Als Klotz am Bein empfinde ihre Behörde das Schloss keineswegs – im Gegenteil. „Es gibt schon die eine oder andere Anfrage“, sagt Raphaela Sonnentag. Während der Bestandsaufnahme der Räumlichkeiten wolle sie parallel „erst mal Interessenten sammeln“, um danach in konkretere Verhandlungen treten zu können.

Bezüglich der künftigen Nutzung komme aus ihrer Sicht vieles in Frage. Museum, Veranstaltungsort, Gewerberäume: „Es gibt da keine Denkverbote.“ Grundsätzlich sei jede Form von Umnutzung oder Umbau natürlich zeitaufwendig, weil es „viele Beteiligte“ gebe – insbesondere den Denkmalschutz, der ein Wörtchen mitzureden habe, sagt Raphaela Sonnentag.

Ein Internat? „Ich würde mich freuen“, sagt der OB

Wird das Schloss Kaltenstein also künftig, wie etwa das deutliche kleinere Schloss in Eberdingen-Nußdorf, gewerblich genutzt? Der Vaihinger Oberbürgermeister Gerd Maisch hält das momentan für die wahrscheinlichste Variante. Dass es schon konkrete Interessenten gibt, mag er aber nicht glauben. „Ich glaube, dass die Anfragen bisher eher allgemein waren“, sagt der Rathauschef. Nach 65 Jahren mit einem Dauermieter könne das Land noch gar nicht wissen, was es überhaupt in einer Immobilienausschreibung auflisten will. Die Informationslage sei noch überaus dünn. „Wer auf dieser Basis schon Interesse bekundet, hat sich das vorher nicht gut überlegt“, sagt Maisch.

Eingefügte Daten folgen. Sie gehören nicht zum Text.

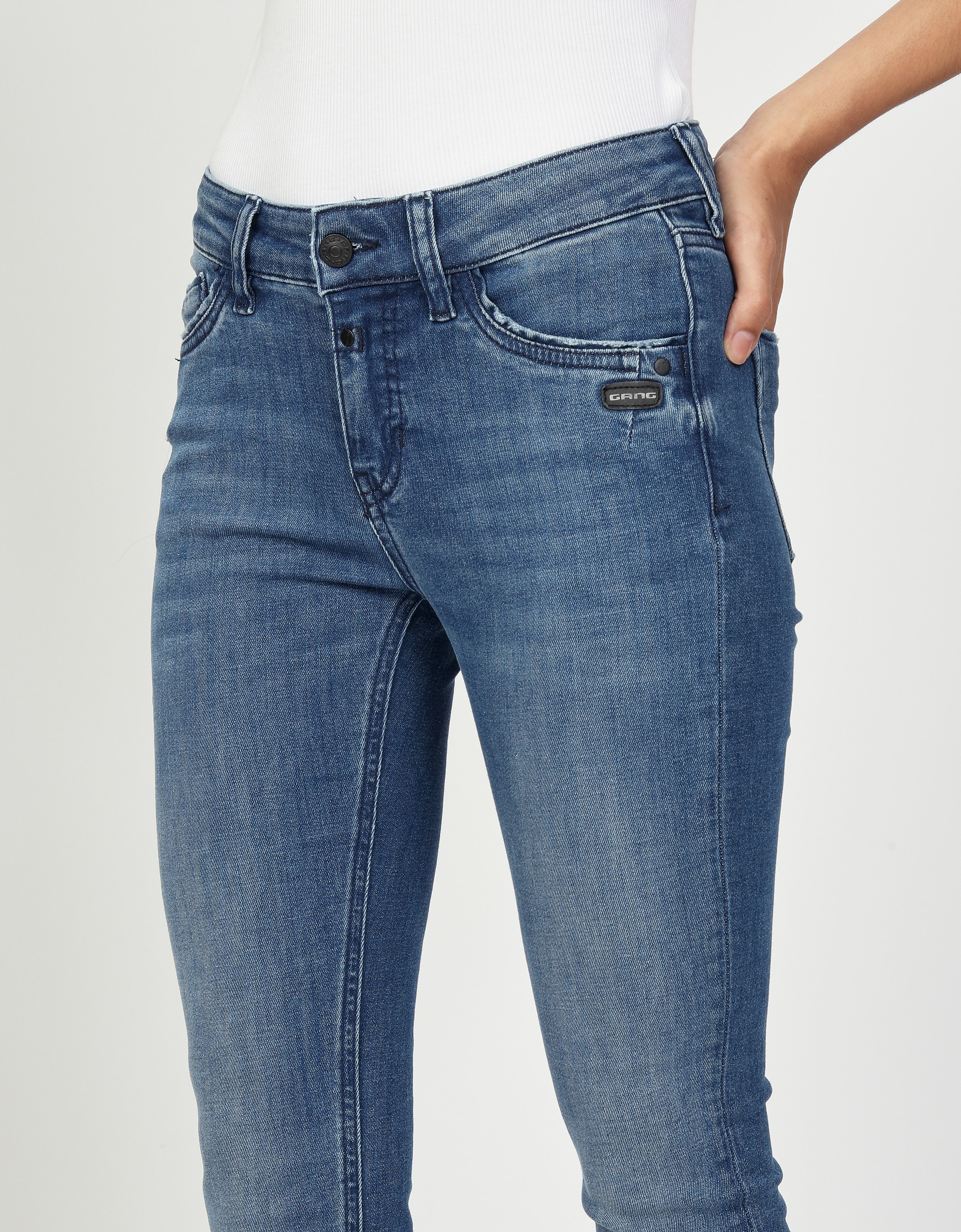 GANG Skinny-fit-Jeans »GANG Jeans Super Skinny 94LAYLA«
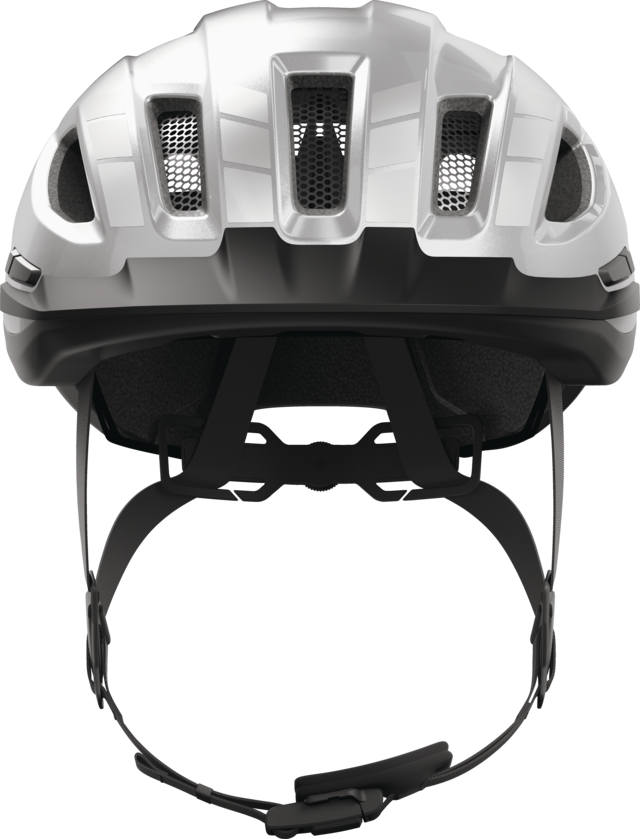 Kask rowerowy Abus Urban-I 4.0 ACE Signal Silver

Eine Nutzung als Museum, wie etwa in Schloss Waldenbuch (Kreis Böblingen) könne er sich gut vorstellen – allein: „So etwas stampft das Land auch nicht so schnell aus dem Boden.“ Das habe die schier endlose Entstehungsgeschichte des Gefängnismuseums auf dem Hohenasperg gezeigt. Doch sollte sich jemand mit der Idee tragen, in dem Schloss ein Internat einzurichten, „dann würden wir uns sehr freuen“. Vor knapp sechs Jahren hat ein privater Investor Schloss Freudental nebst Schlosspark gekauft, um eine Privatschule darin aufzubauen. Doch es kam zum Streit mit der Gemeinde, die Pläne scheiterten. „Ich fände so was toll“, sagt Maisch.